-- WHAT YOU SHOULD DO --
After finding the line that holds "Cardboard box of" below, set down that line and the rest through the final one exactly, leaving the pictures out.

-- MATERIAL PROVIDED --
########################################

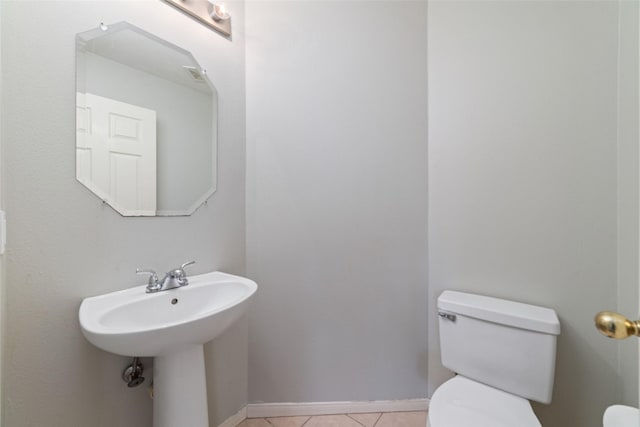 bathroom with tile patterned floors and toilet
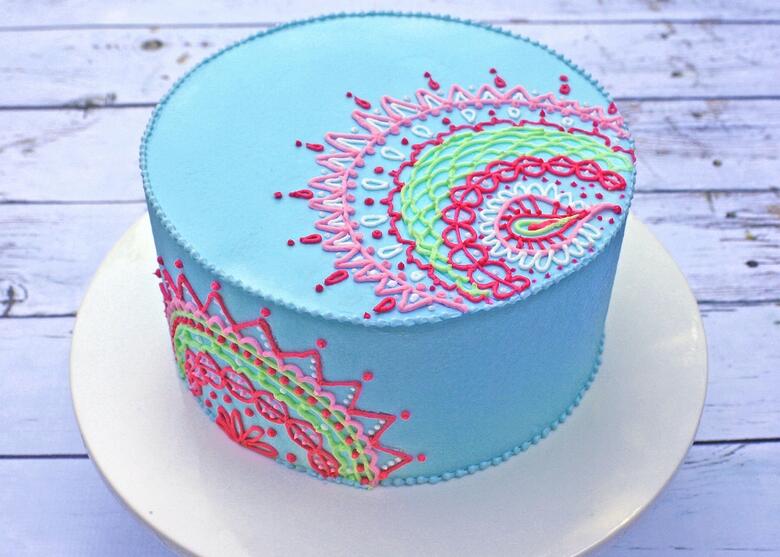 Learn how to create beautiful henna inspired buttercream piping for your cakes in this MyCakeSchool.com video tutorial!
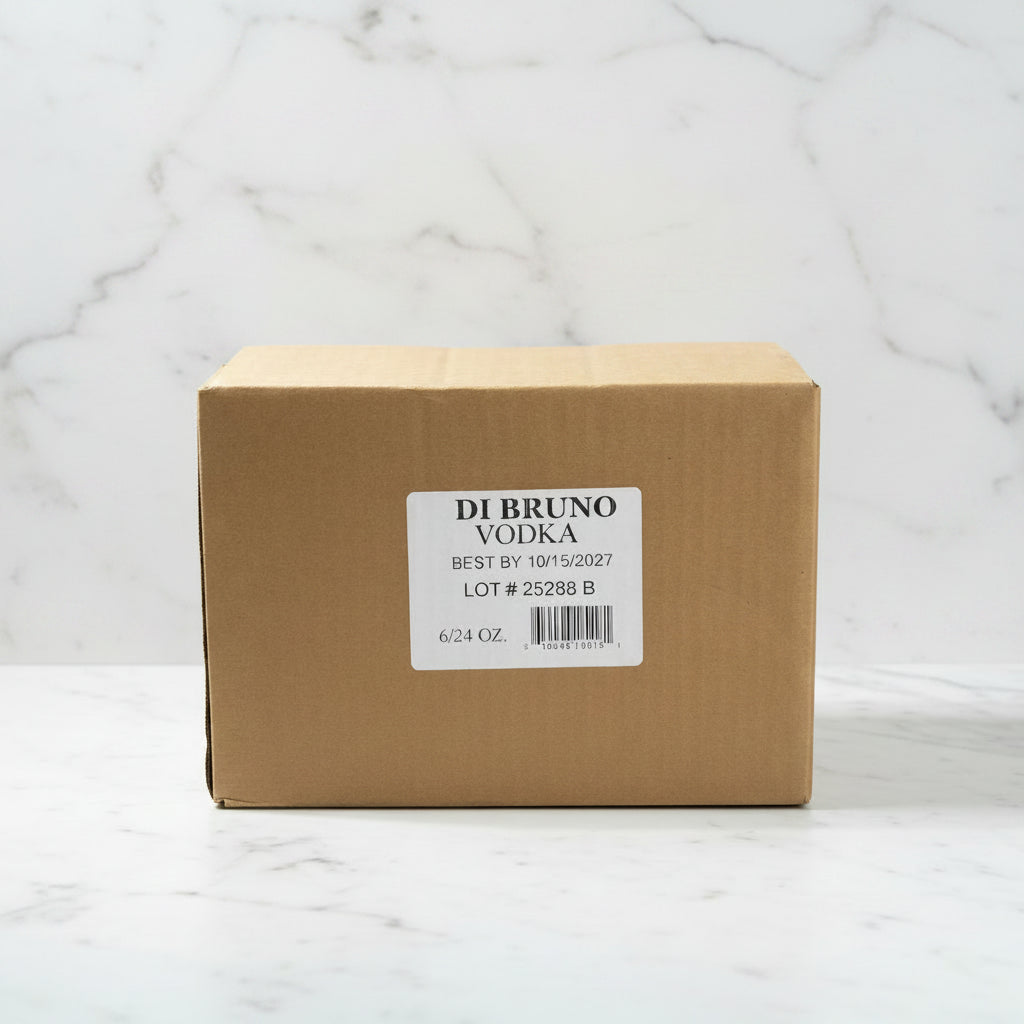 Cardboard box of Di Bruno Vodka on a black surface with warehouse background
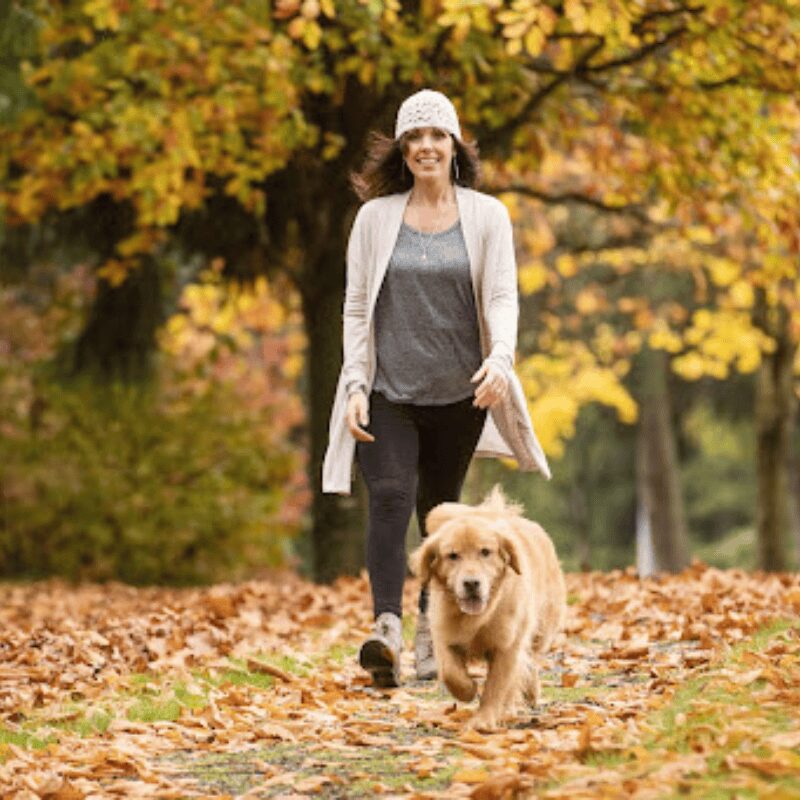 woman walking with her dog in the woods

########################################

-- ANSWER SPACE --
 Cardboard box of Di Bruno Vodka on a black surface with warehouse background
 woman walking with her dog in the woods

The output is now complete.